Bhowmik et al. [1] used stroke based features on a database of 25,000 characters with recognition accuracy of 84.33%, while Rahman et al. [2] used a multi stage approach on a database comprised of 20 different samples of 49 categories each, with recognition accuracy of 88.38%. Bag et al. [3] used skeletal concavity/convexity of characters along two directions with a recognition accuracy of 60.6%. Basu et al. [4] used an artificial neural network with multi layer perceptron (MLP) on a database of 10,000 characters. Rahman et al. [5] used a convolutional neural network (CNN) to perform the task of both feature extraction and classification on their own dataset of 20000 samples with a recognition accuracy of 85.96%. Alom et al. [6] applied deep CNN for Bangla handwritten character recognition. Although a few of them used large datasets, but these were not publicly available. Therefore, it was not possible to compare the effectiveness of different features proposed by researchers.

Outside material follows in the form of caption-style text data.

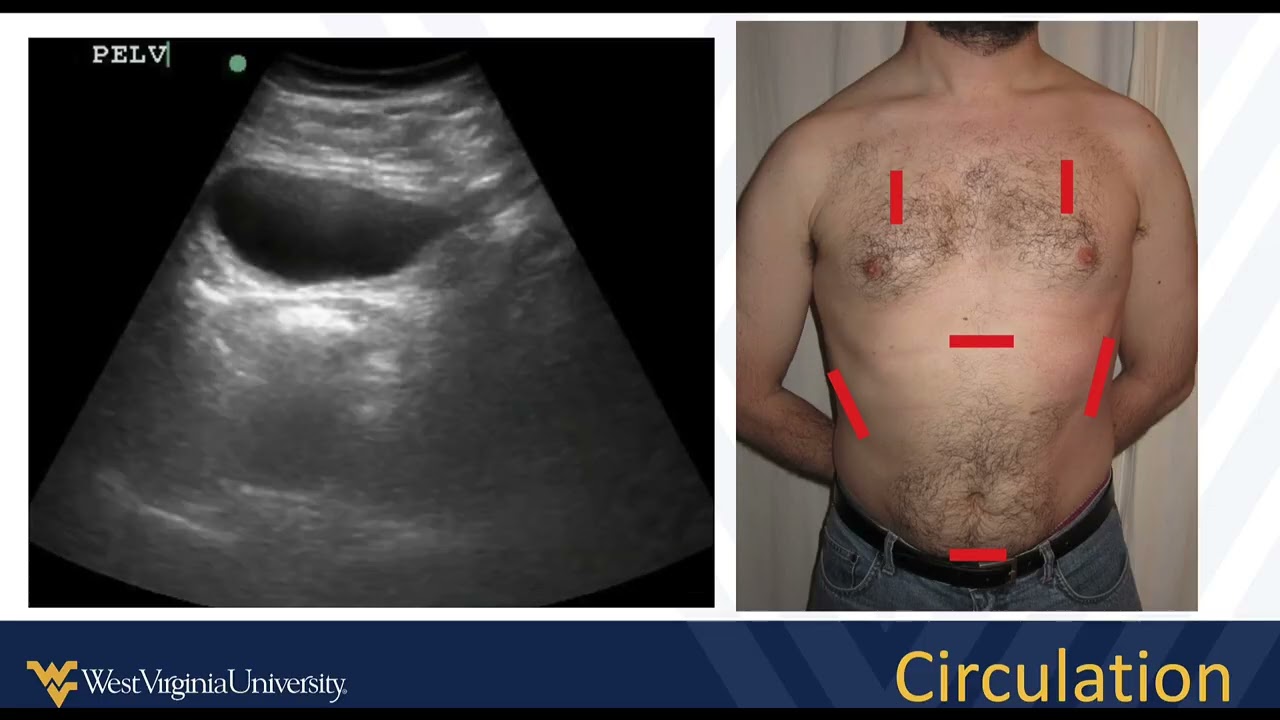 M3 POCUS Cases Surgery Trauma FAST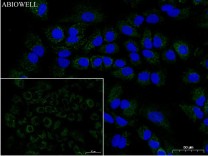 FDX1 Recombinant Rabbit Monoclonal  Antibody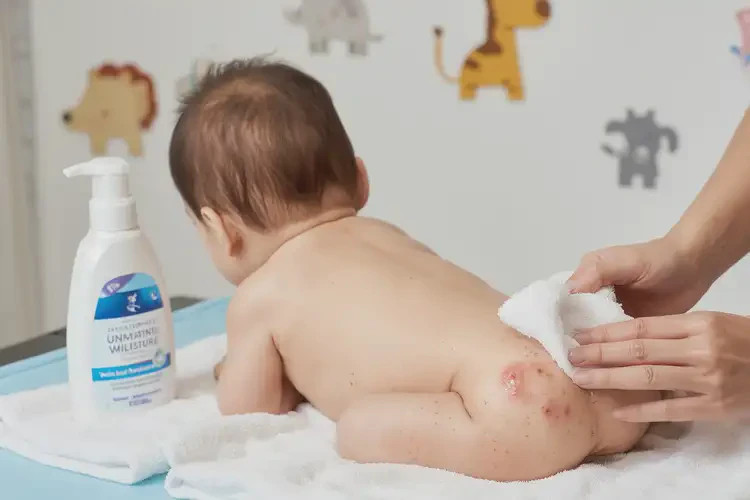 寶寶屁股有濕疹可不可以徹底自愈(圖3)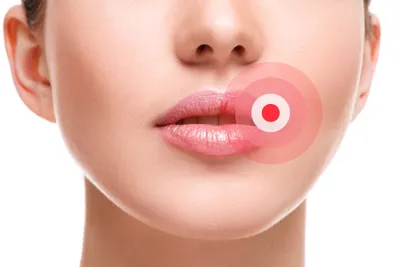 Stomatitis: Causes, Symptoms, and How to Treat Mouth Inflammation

Previously, we worked on the combination of three different

features, namely Longest run features (LR), Chain code histogram features (CH) and features extracted using Gabor filter [7]. As a classifier, artificial neural network with back propagation algorithm was considered. We used a publicly available benchmark database [8] of basic Bangla characters and obtained an recognition accuracy of 76.47% considering the combination of the longest run and chain code histogram features [7].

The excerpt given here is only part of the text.